Numerous studies have been done on this issue. In 2013, the Joint Standing Committee on Foreign Affairs, Defence and Trade looked into the care of Australian Defence Force personnel who were injured on operations. It was noted the rehabilitation programs and the return-to-work programs could be improved. A particularly major point of that review was the lack of seamlessness between Defence and DVA. The review was conducted in 2012-13. We are still dogged with the same problem of lack of seamlessness. Essentially, as vets move from being serving members to veterans, they are lost in translation, in terms of the move to new systems. That has to end, particularly in 2017 with the range of systems that we have in place now. It has to stop. We have to provide greater transition support to these veterans and greater support through the systems—acknowledging that they exist and that they're being moved from one part of Defence to another part of Defence.
Yesterday, the Senate inquiry's report into suicide by veterans and ex-service personnel was released. The inquiry received 443 submissions. Many of those submissions expressed their frustration at a number of processes, which I have just highlighted, including the transition from ADF to civilian life, and how this can be compacted with complicated processes within the Department of Veterans' Affairs. Labor will work through the evidence provided to the Senate inquiry, carefully consider the recommendations and continue to work with ex-service communities, the government and the parliament to address the critical policy gaps when it comes to providing better support for our veterans and our ex-service personnel.

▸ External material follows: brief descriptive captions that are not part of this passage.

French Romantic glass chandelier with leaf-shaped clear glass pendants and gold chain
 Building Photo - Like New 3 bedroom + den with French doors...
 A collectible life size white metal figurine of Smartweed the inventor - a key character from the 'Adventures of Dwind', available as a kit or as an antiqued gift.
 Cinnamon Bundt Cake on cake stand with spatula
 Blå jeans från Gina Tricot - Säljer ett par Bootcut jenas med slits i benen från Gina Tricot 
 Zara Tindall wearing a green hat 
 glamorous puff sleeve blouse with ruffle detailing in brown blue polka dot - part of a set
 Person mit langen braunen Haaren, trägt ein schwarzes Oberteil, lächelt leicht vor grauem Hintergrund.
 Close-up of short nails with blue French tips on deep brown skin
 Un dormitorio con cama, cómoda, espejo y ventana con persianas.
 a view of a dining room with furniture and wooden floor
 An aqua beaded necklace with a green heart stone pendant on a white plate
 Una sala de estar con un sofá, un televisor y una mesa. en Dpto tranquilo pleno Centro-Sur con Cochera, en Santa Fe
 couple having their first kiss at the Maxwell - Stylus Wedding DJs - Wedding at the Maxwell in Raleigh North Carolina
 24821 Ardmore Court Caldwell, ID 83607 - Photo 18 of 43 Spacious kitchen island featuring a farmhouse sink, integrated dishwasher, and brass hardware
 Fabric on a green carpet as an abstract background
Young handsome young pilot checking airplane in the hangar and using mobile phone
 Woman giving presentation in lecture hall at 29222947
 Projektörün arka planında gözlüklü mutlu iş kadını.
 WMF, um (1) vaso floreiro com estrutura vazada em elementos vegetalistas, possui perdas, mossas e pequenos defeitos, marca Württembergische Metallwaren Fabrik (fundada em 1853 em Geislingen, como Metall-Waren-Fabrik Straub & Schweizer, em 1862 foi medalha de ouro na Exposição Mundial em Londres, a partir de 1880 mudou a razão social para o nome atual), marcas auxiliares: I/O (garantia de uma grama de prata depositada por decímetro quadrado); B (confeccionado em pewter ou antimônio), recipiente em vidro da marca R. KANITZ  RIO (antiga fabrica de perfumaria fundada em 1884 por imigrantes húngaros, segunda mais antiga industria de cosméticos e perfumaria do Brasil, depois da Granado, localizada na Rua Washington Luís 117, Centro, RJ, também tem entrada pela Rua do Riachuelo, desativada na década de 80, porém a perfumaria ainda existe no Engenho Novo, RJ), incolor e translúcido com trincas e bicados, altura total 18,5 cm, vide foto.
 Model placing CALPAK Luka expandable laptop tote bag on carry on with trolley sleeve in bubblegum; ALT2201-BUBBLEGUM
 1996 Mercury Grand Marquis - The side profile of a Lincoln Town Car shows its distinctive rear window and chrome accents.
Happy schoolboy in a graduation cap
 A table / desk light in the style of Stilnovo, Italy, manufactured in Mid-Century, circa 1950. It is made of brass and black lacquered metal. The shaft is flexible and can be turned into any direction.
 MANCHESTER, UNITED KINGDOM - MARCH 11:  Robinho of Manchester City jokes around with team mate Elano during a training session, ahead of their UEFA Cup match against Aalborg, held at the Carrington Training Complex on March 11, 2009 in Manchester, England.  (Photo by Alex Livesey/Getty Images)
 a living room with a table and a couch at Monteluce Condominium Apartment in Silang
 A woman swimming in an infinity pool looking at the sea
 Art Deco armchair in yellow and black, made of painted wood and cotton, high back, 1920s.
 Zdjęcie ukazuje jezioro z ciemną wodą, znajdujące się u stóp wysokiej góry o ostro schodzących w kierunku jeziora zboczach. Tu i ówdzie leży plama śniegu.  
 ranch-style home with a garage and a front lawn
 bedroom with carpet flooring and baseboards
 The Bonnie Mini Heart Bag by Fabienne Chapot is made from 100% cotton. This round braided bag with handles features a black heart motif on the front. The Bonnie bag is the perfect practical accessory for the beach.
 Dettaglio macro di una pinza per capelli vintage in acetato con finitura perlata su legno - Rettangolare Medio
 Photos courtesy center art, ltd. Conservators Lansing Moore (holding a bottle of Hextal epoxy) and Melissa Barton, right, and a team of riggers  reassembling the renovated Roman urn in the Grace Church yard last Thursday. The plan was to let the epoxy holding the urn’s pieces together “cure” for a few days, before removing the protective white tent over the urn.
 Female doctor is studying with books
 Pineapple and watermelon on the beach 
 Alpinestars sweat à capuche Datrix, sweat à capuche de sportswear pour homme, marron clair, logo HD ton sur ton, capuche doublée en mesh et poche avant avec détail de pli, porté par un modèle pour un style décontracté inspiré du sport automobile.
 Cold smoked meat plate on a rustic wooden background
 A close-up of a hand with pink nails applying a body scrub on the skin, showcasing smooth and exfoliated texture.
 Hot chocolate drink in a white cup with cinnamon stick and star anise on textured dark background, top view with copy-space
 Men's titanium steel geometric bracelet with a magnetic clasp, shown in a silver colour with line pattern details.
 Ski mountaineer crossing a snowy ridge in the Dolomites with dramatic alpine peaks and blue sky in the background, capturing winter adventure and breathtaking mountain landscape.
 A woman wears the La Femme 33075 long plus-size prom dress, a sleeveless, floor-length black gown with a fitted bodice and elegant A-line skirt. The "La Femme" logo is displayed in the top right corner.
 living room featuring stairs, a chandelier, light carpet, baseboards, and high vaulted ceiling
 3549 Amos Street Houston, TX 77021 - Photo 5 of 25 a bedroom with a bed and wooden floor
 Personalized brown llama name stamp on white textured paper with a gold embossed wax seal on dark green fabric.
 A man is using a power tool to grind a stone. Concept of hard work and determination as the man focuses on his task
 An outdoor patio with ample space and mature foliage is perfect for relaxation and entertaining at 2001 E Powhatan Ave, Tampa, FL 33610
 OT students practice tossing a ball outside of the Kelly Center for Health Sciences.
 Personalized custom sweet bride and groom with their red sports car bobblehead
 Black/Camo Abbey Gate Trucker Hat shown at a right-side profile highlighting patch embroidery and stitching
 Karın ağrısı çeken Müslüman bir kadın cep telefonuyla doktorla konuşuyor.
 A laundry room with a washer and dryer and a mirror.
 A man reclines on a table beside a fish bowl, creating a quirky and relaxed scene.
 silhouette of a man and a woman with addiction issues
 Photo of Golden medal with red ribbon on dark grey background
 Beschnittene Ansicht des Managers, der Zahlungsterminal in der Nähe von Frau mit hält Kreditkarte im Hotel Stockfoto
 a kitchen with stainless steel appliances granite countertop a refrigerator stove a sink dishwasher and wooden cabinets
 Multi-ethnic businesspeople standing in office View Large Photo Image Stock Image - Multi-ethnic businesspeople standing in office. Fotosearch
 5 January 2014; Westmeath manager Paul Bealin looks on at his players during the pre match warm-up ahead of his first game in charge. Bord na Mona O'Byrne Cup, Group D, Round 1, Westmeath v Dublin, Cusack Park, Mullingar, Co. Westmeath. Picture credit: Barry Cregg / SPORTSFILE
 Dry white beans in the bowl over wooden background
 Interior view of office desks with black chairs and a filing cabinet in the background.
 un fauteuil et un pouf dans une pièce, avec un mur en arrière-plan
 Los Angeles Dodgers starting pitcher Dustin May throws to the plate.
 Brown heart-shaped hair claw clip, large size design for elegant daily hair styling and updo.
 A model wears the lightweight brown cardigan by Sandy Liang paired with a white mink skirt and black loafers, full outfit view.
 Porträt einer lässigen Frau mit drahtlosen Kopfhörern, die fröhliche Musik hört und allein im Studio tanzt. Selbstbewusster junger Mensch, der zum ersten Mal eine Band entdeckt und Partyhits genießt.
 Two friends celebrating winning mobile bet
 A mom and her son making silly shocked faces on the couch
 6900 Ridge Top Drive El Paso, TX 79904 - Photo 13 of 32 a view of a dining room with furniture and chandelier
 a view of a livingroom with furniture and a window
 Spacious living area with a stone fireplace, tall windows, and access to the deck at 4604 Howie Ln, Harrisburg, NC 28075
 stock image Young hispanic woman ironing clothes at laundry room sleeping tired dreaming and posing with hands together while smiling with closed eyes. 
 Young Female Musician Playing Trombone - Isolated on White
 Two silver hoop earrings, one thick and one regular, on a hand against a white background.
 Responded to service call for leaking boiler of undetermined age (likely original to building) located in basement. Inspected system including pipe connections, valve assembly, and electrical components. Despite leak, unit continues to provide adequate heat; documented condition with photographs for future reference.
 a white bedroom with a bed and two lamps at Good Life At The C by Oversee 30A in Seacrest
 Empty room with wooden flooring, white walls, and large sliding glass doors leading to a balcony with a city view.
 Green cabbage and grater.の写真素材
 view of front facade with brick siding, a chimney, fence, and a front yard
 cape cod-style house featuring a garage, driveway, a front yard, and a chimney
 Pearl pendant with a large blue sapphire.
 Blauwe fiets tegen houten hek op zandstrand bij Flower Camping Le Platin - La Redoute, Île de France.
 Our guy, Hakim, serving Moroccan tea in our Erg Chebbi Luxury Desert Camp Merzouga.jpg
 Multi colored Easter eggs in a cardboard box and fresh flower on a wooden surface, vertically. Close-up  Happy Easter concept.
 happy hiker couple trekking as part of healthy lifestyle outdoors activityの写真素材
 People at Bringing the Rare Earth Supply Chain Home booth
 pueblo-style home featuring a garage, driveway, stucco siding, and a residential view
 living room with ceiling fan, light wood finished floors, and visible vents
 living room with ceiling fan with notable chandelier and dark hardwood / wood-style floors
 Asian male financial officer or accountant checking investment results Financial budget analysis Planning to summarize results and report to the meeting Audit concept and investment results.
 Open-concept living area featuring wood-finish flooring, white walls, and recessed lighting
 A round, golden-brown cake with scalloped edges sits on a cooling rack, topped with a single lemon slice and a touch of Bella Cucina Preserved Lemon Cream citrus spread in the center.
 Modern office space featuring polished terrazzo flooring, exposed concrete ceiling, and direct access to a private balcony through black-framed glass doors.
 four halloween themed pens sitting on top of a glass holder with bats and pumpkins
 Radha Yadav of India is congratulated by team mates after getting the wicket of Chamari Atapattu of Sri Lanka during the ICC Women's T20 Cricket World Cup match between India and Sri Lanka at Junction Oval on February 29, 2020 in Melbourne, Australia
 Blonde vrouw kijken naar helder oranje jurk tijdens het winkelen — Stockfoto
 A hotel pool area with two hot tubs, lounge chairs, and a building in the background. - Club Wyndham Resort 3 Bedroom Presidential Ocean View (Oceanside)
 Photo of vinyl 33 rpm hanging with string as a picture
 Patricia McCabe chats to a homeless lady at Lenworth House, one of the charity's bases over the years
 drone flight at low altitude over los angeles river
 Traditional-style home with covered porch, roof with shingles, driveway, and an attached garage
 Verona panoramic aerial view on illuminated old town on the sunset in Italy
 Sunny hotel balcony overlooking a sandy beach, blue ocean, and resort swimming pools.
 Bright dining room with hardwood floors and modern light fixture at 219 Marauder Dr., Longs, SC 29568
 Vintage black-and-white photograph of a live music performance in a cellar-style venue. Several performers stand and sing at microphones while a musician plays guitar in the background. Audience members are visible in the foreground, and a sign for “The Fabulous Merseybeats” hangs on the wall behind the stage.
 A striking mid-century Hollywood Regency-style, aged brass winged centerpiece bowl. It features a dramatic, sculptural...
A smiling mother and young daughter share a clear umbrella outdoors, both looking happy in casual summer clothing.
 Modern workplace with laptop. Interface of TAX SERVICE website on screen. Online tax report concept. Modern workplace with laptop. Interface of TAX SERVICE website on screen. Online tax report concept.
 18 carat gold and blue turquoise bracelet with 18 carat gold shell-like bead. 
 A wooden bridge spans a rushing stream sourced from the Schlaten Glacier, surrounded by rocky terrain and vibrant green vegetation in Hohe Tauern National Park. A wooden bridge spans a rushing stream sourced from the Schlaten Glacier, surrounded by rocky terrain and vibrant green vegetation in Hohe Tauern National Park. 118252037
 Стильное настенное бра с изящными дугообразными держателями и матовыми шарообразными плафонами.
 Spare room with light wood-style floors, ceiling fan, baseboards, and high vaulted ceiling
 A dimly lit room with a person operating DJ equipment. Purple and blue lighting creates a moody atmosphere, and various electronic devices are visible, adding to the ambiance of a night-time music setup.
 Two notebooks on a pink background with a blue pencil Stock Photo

In speaking about our veterans, I do not want to overlook the significant contribution of families of veterans— like my late mother-in-law and like my husband's family—and their support not just during their life in the ADF but also, importantly, when they're making the transition out of the ADF into civilian life. It can be very, very tough, particularly if your husband, wife or partner has come back from Iraq or Afghanistan a different person— as was the case for my late father-in-law when he came back from Vietnam. It can be very, very challenging for a relationship, particularly for partners and children. So we need to pay as much attention to the families as we do to the veteran, because it's the families that are left behind when the person has served. They've done the hard yards.
There are a range of challenges in terms of supporting families in a modern Australia, in 2017, and ensuring that those who are working are not having their careers in any way ruined, because their partner is serving in the Australian Defence Force—and we see that time and time again. We need to have a very close look at the support that we're providing to families—not just the families of current ADF members but also of veterans. That's why I welcome the shadow minister for veterans' affairs proposal, Labor's proposal, to develop a family engagement and support strategy for the families of our defence personnel and veterans.
As I said, these families—these men, women and children—are the unsung heroes of our defence forces. A number of reviews have highlighted that there is currently a lack of emphasis on the critical role that they play in the life of current and serving members. Developing a family strategy also acknowledges the importance of families in the rehabilitation of ADF members and veterans. We owe it to our ADF members and to our veterans to acknowledge, honour and respect their service, and we do that by providing them with the appropriate support.